Sur scène, ça vole et ça vibre. Sans décor, dans une semi-pénombre, des surfaces blanches réfléchissent la lumière. Balles, cordes, feuilles de polystyrène… Comme des lucioles, les éléments virevoltent. Avec Magnétic, le chorégraphe et jongleur Jérôme Thomas signe ainsi une pièce poétique, pour quatre jongleuses, sur une musique du compositeur Wilfried Wendling. Spectacle en trois tableaux, la féérie de Magnétic tient à la simplicité des dispositifs, à la dextérité des interprètes. L’ambient électro-minimale (glitch) du compositeur Wilfried Wendling, pulsatile et distillée, accompagne le mouvement hypnotique des balles. Dans l’obscurité de la scène, les éléments semblent osciller, vibrer comme autant d’électrons en tension. Et transformant la scène en champ de force, par le jonglage, la musique, la lumière, les tiges et les élastiques, Jérôme Thomas livre une pièce qui capture les regards, les enveloppe. Pour une expérience sensorielle unique, aux confins de l’agitation moléculaire.
Magnétic de Jérôme Thomas : le jonglage, entre apesanteur, champ de force et poésie
À la base de Magnétic, il y a l’aventure de Hic, entamée par Jérôme Thomas en 1995. Première partie du spectacle Hic Hoc, Hic mobilisait alors quatre jongleurs (Phia Ménard, Martin Schwietzke, Mads Rosenbeck, Emmanuel Anglaret ou Vincent Lorimy). Hic a parcouru le monde et le temps, pour donner naissance à Magnétic. Aujourd’hui interprété par Audrey Decaillon, Chloé Mazet, Nicoletta Battaglia, Gaëlle Cathelineau ou Ria Rehfuss, Magnétic déploie trois tableaux, en crescendo hypnotique. Le premier volet joue sur l’apparition. Les jongleuses entrent et sortent de la lumière. Les visages, les mains, les balles blanches composent un environnement de présences en pointillés, sous l’égide de la gravité. Puis les tiges de kevlar s’invitent. Montées sur de longues structures souples, comme des roseaux, les balles semblent alors flotter. S’échapper de la pesanteur pour entrer dans un autre champ de force. Prémices au deuxième tableau, qui s’ouvre avec de grands élastiques blancs.

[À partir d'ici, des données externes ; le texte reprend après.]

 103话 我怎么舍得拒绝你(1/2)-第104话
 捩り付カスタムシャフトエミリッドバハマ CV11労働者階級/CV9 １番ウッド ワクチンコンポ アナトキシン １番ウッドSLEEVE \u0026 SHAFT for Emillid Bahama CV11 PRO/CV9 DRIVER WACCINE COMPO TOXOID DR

La magie de la matière et des interactions : une chorégraphie hypnotique
Cordes vibrantes, les élastiques dessinent alors des axes géométriques. Un maillage souple qui ne cesse de varier. Les jeux de lumières et vitesses (avec la persistance rétinienne) font naître un espace cinétique où la perception complète la scénographie. Dans le regard des spectateurs se compose ainsi un univers surréel. Et le troisième tableau, complètement inédit, incorpore des feuilles de polystyrène, petites et grandes. L’électricité statique devient alors élément de jonglage pour une réinvention de la suspension. Jouant sur les lois physiques, Magnétic dépasse la magie pour plonger dans la matière des interactions. Le jonglage de Jérôme Thomas entraine dans un voyage qui prend la clef des champs. Dans une texture sonore où les clicks, cuts et glitches ouvrent les infinis de l’imagination. Pour un spectacle en forme, tour à tour, de plongée moléculaire, de nuit d’été en compagnie des lucioles, ou de rêverie côtoyant les corps célestes.